La stanza profonda verrà certamente apprezzato tanto dal lettore quarantenne, che ha vissuto negli anni ’80 l’epoca d’oro dei GdR (mentre scrivo ho alle mie spalle le tre mitiche scatole rossa, blu e turchese di Dungeons & Dragons, gelosamente conservate nella teca della mia libreria), quanto dal ventenne che ha invece conosciuto i GdR grazie alle consolle o ai PC, ma a cui manca il sapore vintage dei tradizionali sistemi di gioco “mappa, dado, carta e matita”.
Il ritorno d’interesse da parte dell’industria culturale per l’immaginario degli anni ’80 a livello ludico, musicale e cinematografico, è confermato anche dal grande successo di pubblico che ha riscontrato Stranger Things. Trasmessa e tutt’ora disponibile su Netflix, questa serie fantascientifica ambientata in una cittadina dell’Indiana racconta proprio le avventure di un gruppo di ragazzini e giocatori di ruolo, che vivono un’avventura reale come se fossero immersi in un GdR.
Il gioco di ruolo è infatti un medium che, come il libro scritto da Santoni, la televisione, la radio e Internet, mette il fruitore nella piacevole condizione di divertirsi, grazie all’inventiva dei suoi creatori e all’abilità dei giocatori. Ma, a differenza di questi mezzi di comunicazione, il GdR richiede una partecipazione più coinvolgente, perchè i giocatori/ fruitori devono interpretare i personaggi, di cui assumono le identità, interagendo continuamente per far progredire le avventure.

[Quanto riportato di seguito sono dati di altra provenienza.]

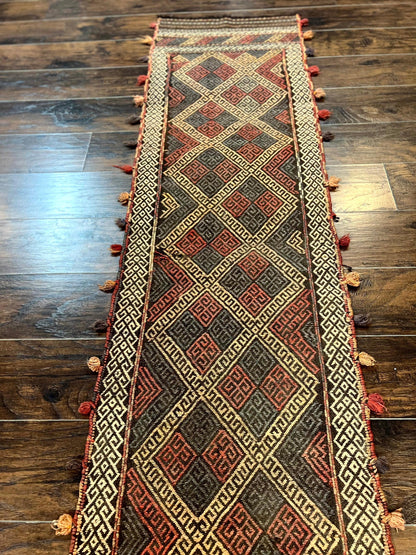 Tribal Runner Rug 2x8 Wool Handwoven Vintage Pakistani Turkoman Runner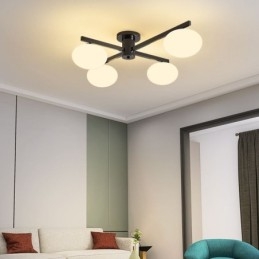 Designer Touch Decorative Nordic Glass Flush Mount Creative Wrought Iron Ceiling Light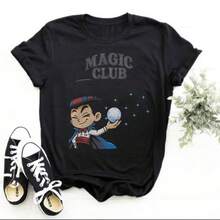 Camiseta de mujer con estampado de Magic Club - Negro - Ver 1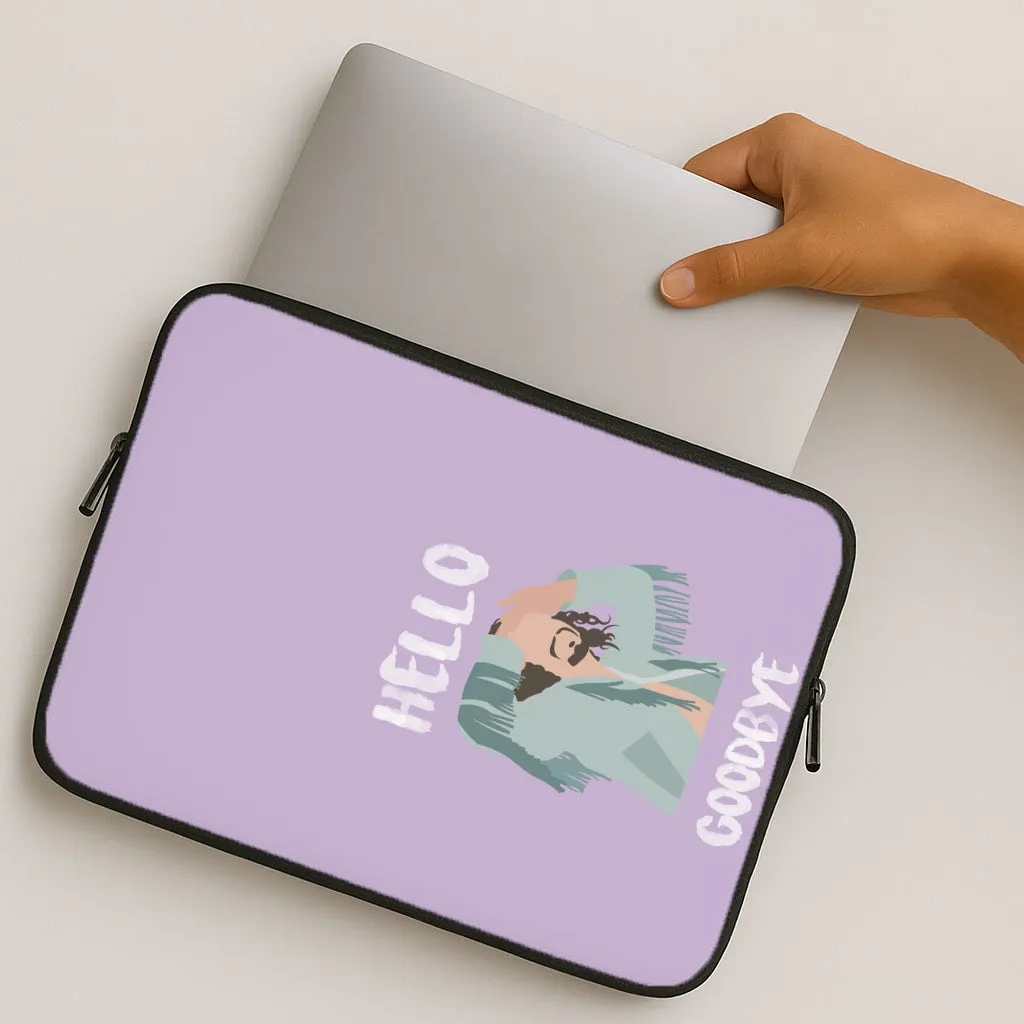 Polished Texture Design Hello Goodbye Laptop Sleeve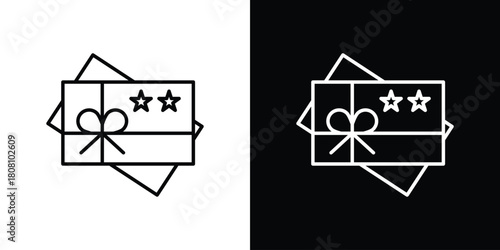 Gift voucher icon thin line outline concept. Linear style icon. Editable stroke. Vector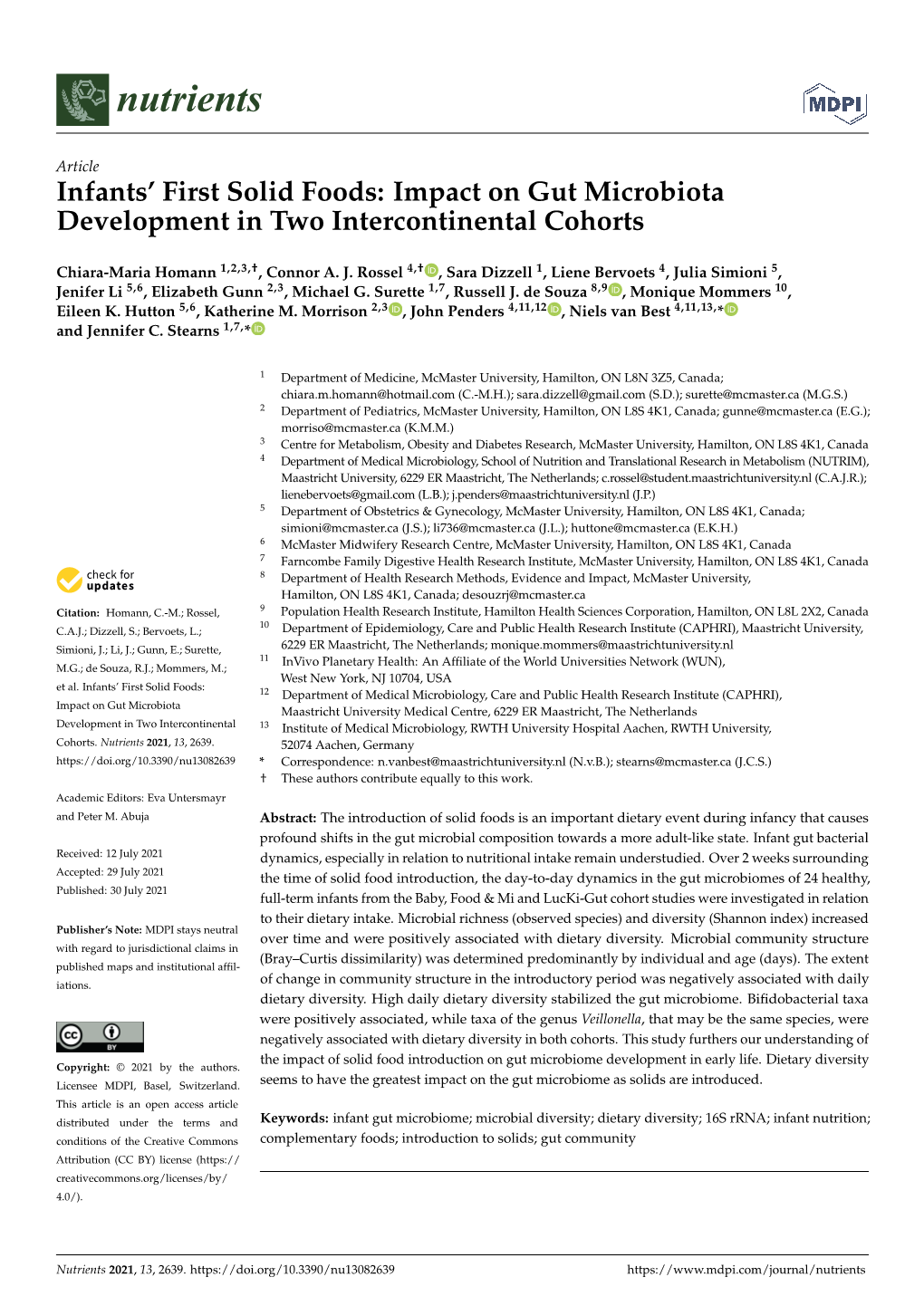 Infants' First Solid Foods: Impact on Gut Microbiota Development in Two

Se poi il gioco viene praticato a distanza di anni, consente soprattutto al giocatore senior di rivivere nella memoria momenti andati, e che probabilmente non ritorneranno più. Resta però il ricordo. La dolce nostalgia dei giorni trascorsi con gli amici, senza i pensieri, le preoccupazioni e i doveri che la vita adulta ci impone.
Ma come affermava George Bernard Shaw: “L’uomo non smette di giocare perché invecchia, ma invecchia perché smette di giocare”.
Dedico questo articolo al mio amico Valerio Dominici, scomparso nel 2016. È stato un musicista, programmatore, papà e master di alto livello.